Exiled at least three times and eventually arrested, Arnold was hanged by the papacy, then was burned posthumously and (his ashes) thrown into the River Tiber. Though he failed as a religious reformer and a political leader, his teachings on apostolic poverty gained currency after his death among "Arnoldists" and more widely among Waldensians and the Spiritual Franciscans, though no written word of his has survived the official condemnation. Protestants rank him among the precursors of the Reformation.
After Pope Eugene's death, Pope Adrian IV swiftly took steps to regain control of Rome. He allied with Frederick Barbarossa, who took Rome by force in 1155 after a Holy Week interdict and forced Arnold again into exile. Arnold was seized by Imperial forces and tried by the Roman Curia as a rebel. Importantly, he was never accused of heresy. Faced with the stake, he refused to recant any of his positions. Convicted of rebellion, Arnold was hanged in June and his body burnt. Because he remained a hero to large sections of the Roman people and the minor clergy, his ashes were cast into the Tiber, to prevent his burial place becoming venerated as the shrine of a martyr.
In 1882, after the collapse of Papal temporal powers, the city of Brescia erected a monument to its native son. - Arnold of Brescia Wikipedia)
The first known persons directly ordered to be executed by the a pope himself seems to be the brothers Cardinal Carlo Carafa and Giovanni Carafa, Duke of Paliano, nephews of Paul IV, sentenced to strangulation in prison and beheading, respectively, by Pius IV, as his first public act (March 5, 1561).
Giovanni Carafa (died 5 March 1561), Duke of Paliano, was a papal nephew and minor Italian prince.
After the failure of the Pope's war with Spain in 1558, their notoriety became a liability, and they were banished from Rome on 27 January 1559. Paul IV died in August of that year, and Giovanni and Carlo were put on trial by the new Pope, Pius IV, in July 1560. The trial's proceedings were concluded in March 1561 when, under sealed orders of the Pope, the brothers were executed in Rome. Carlo, as a cardinal, was strangled in the Castel San Angelo, while, two days later, Giovanni was beheaded at the Tor di Nona prison along with two companions. The sentence was overturned under the next pope, Pius V, in 1567, after a petition by their surviving brother, and their prosecutor was executed for having deceived Pius IV. Giovanni Carafa, Duke of Paliano
As for the Cardinal Callo Carafa, Wikipedia reads as follows:
Carlo Carafa (29 March 1517 - 6 March 1561) of a distinguished family of Naples, vicious and talented3 was successively condottiero in the service of France and of Spain, vying for their protectorates in Italy until 1555, when he was made a cardinal,3 to 1559 the all-powerful favourite and Cardinal Nephew of Pope Paul IV Carafa, whose policies he directed and whom he served as papal legate in Paris, Venice and Brussels. According to the Jesuit, later Cardinal, Francesco Sforza Pallavicino, writing the history of the Council of Trent, his subtlety of spirit and grace of address, physical courage and instinct for glory were overridden by his insatiable thirst for power.

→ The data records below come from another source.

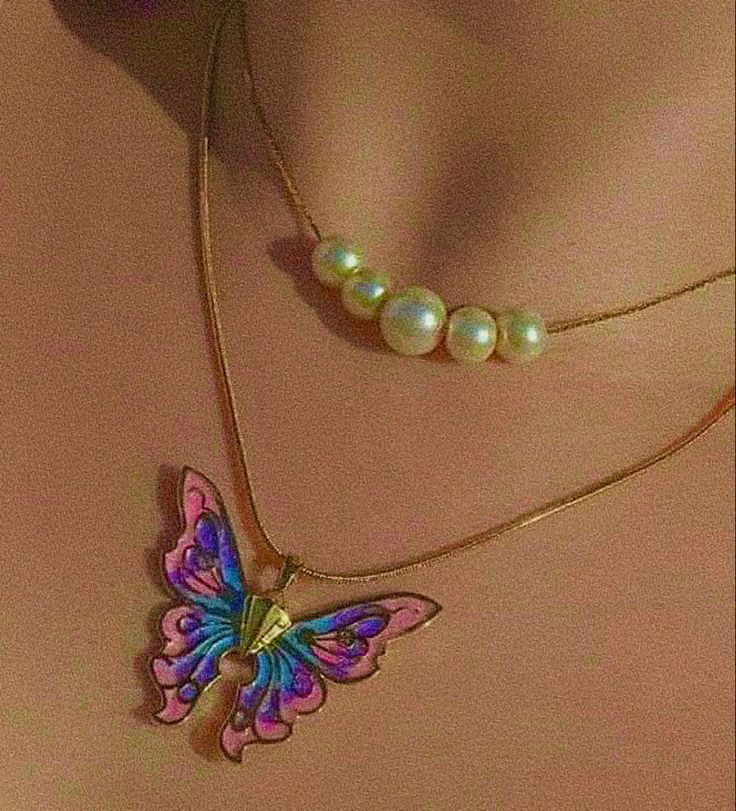 a necklace with a butterfly on it and pearls hanging from the back of it's neck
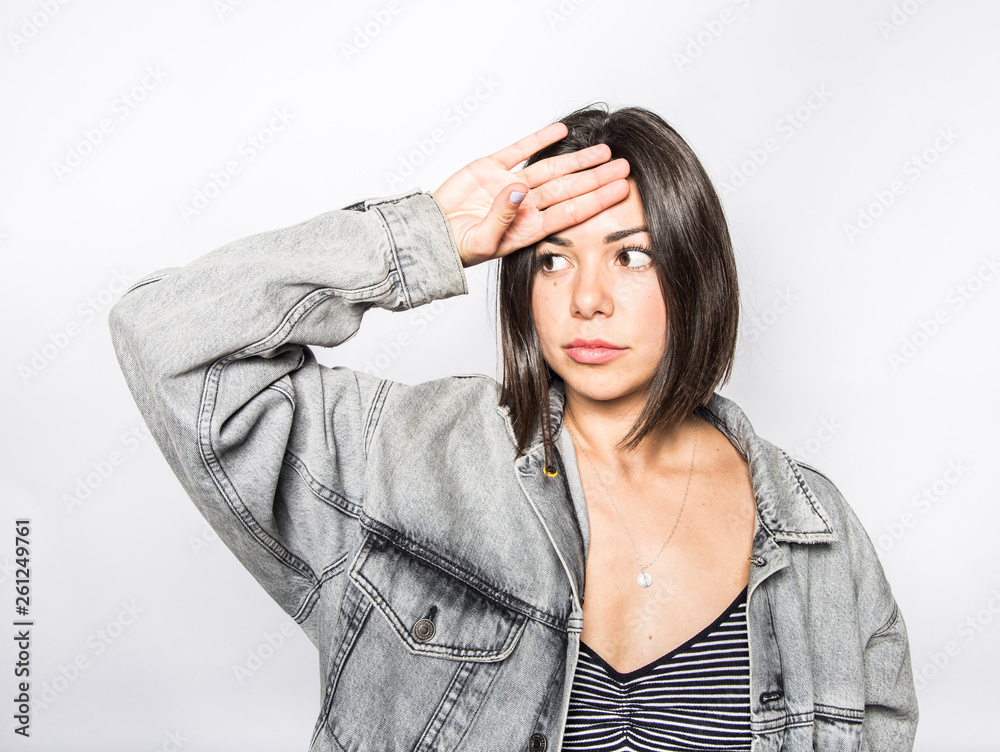 woman wearing a jean coat with her hand on his head making an expression with her face woman wearing a jean coat with her hand on his head making an expression with her face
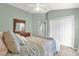 This relaxing bedroom offers a closet, a fan, and neutral paint, creating a peaceful space at 2568 Jupiter Way, The Villages, FL 32163
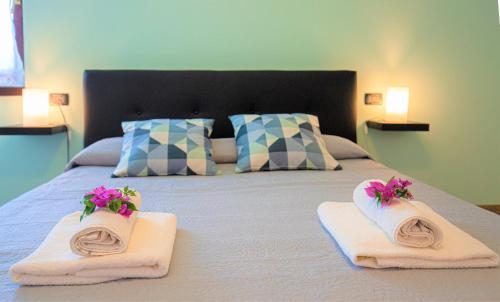 马瑞纳迪卡拉拉B&B Villa Apuana的一间卧室配有带毛巾和鲜花的床
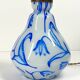 Antique table lamp in opaline glass with blue floral decoration.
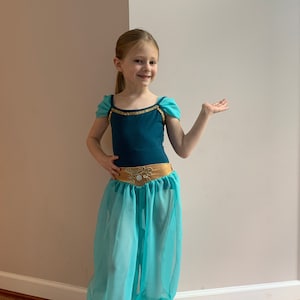 May include: A young girl dressed as Jasmine from Aladdin. She is wearing a teal and gold costume with a turquoise sheer pantaloon. She is smiling and looking at the camera.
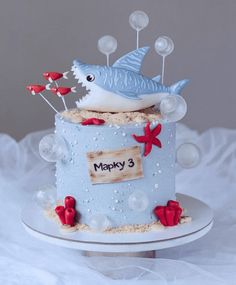 a blue birthday cake with a shark on it's top and bubbles in the air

In June 1560, Paul's successor, Pope Pius IV arrested the leading members of the family - Carlo, his brother Duke Giovanni, and their nephew the Cardinal Archbishop of Naples, seizing their papers, and levying a range of charges relating to abuses of power during Paul's reign. Carlo was charged with murder, sodomy, and the promotion of Protestantism. After a nine-month trial, he was condemned along with his brother, and was executed by strangulation at Castel Sant' Angelo on the night of 6 March 1561. His execution was considered at the time to have been motivated primarily by political factors such as his pro-French, anti-Spanish policies.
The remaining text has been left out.